● **Goal of the exercise**: Would you print, word for word, only the lines running from the line with "877212P000 Hyundai/Kia revestimiento" to the last line of the entries, without the pictures?
-----
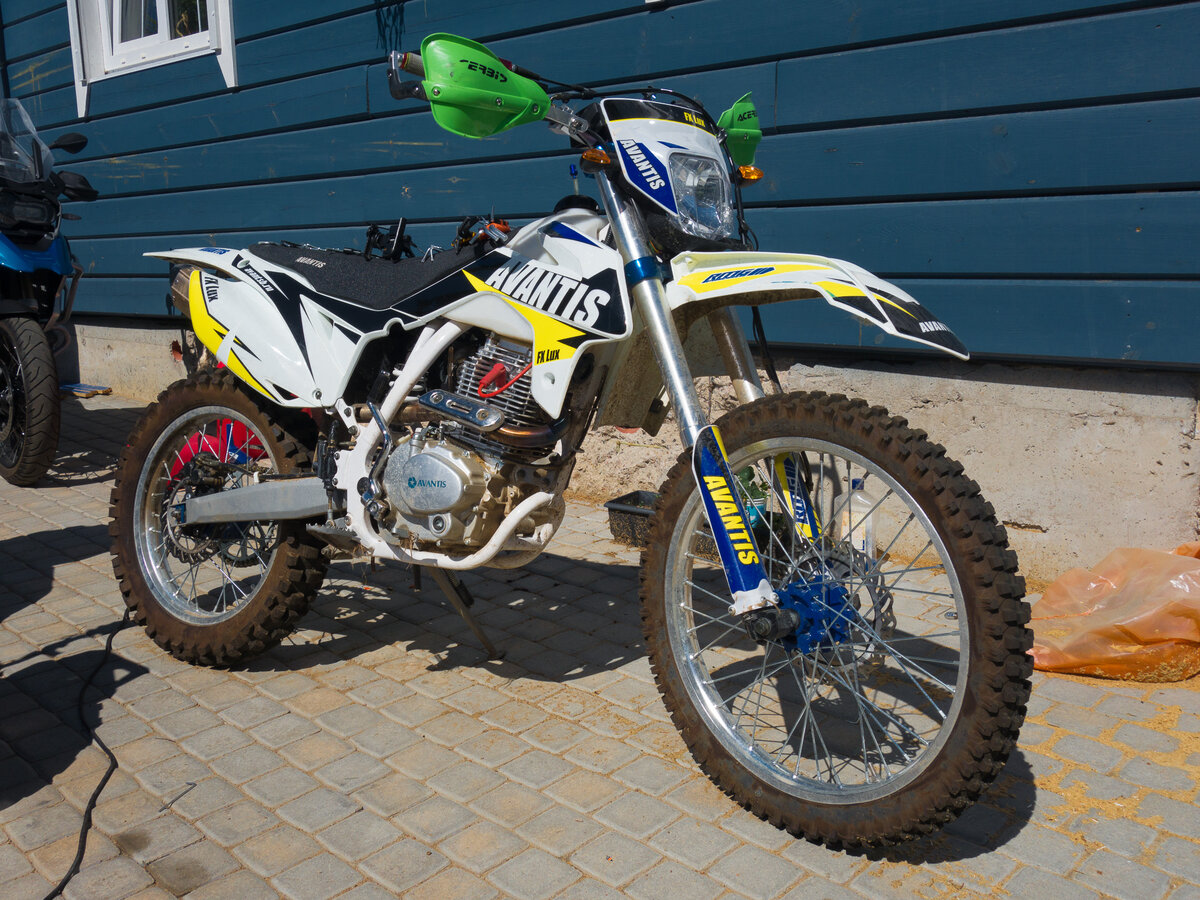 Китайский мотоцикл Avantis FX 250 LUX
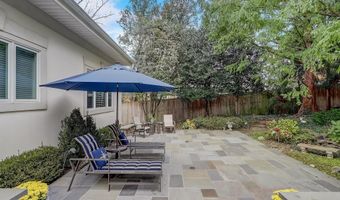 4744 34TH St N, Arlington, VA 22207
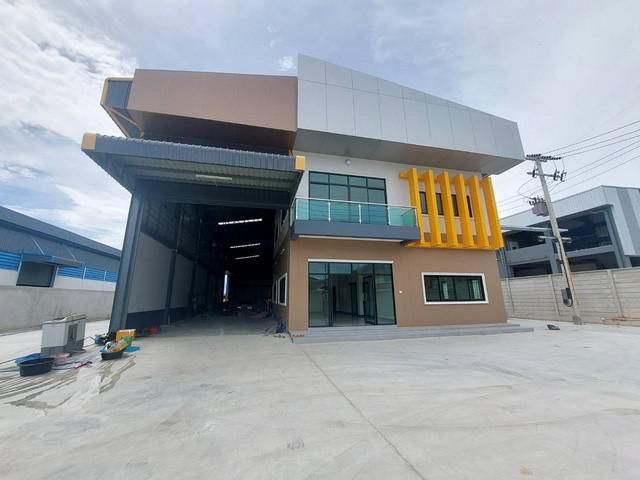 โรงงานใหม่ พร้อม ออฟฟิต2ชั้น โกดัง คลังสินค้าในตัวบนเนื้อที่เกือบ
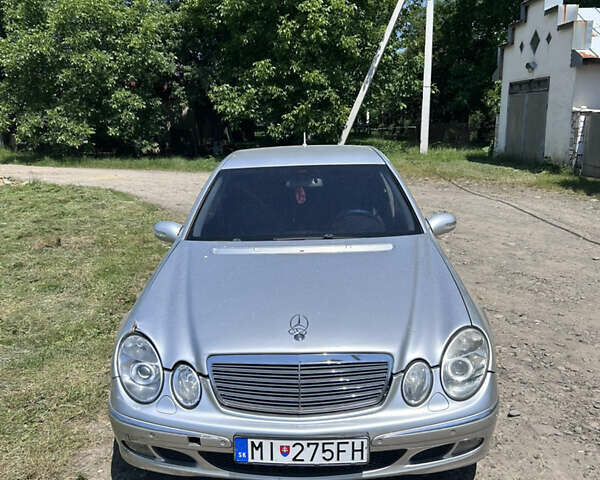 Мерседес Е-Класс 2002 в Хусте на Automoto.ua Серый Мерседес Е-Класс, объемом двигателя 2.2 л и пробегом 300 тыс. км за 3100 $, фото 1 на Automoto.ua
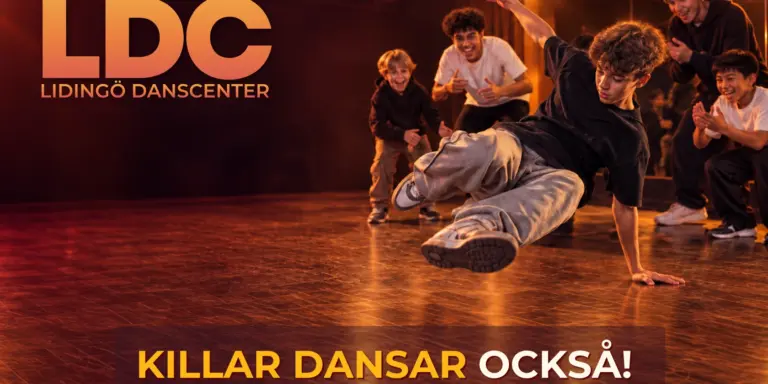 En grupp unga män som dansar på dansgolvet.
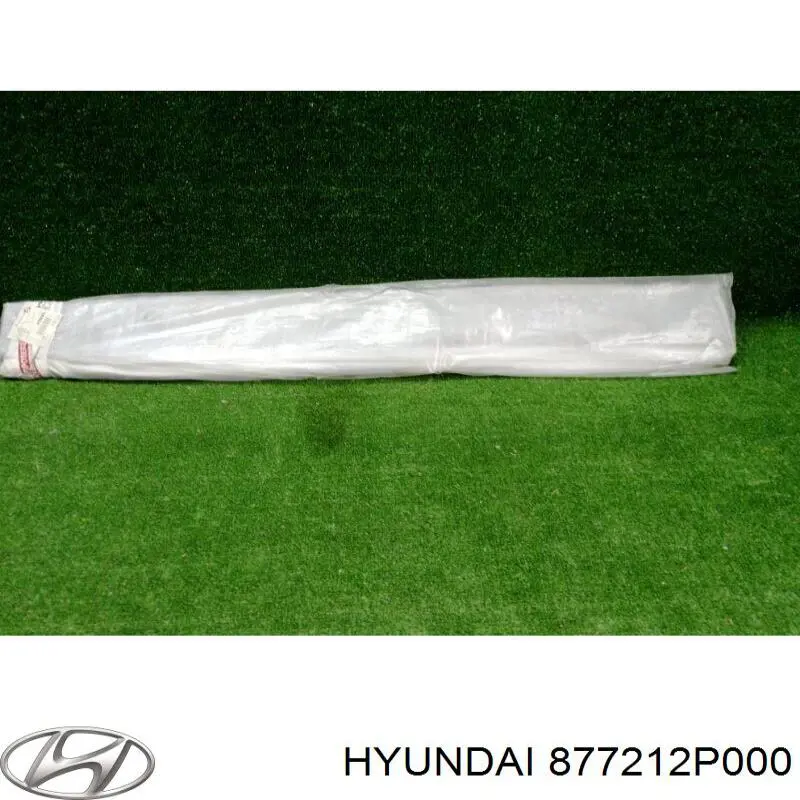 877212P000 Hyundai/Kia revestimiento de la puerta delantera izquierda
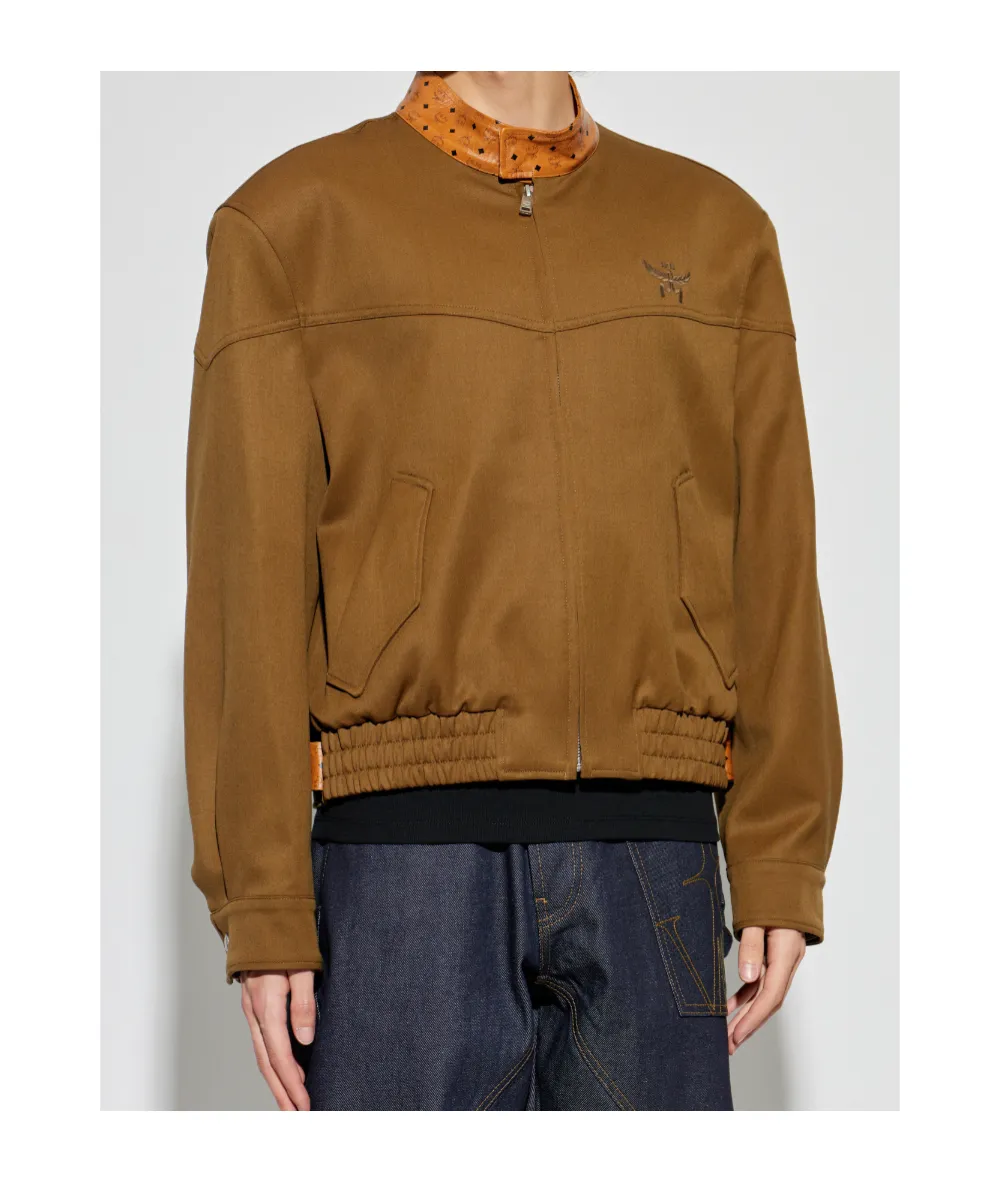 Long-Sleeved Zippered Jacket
-----
● **Worked solution**:
 877212P000 Hyundai/Kia revestimiento de la puerta delantera izquierda
 Long-Sleeved Zippered Jacket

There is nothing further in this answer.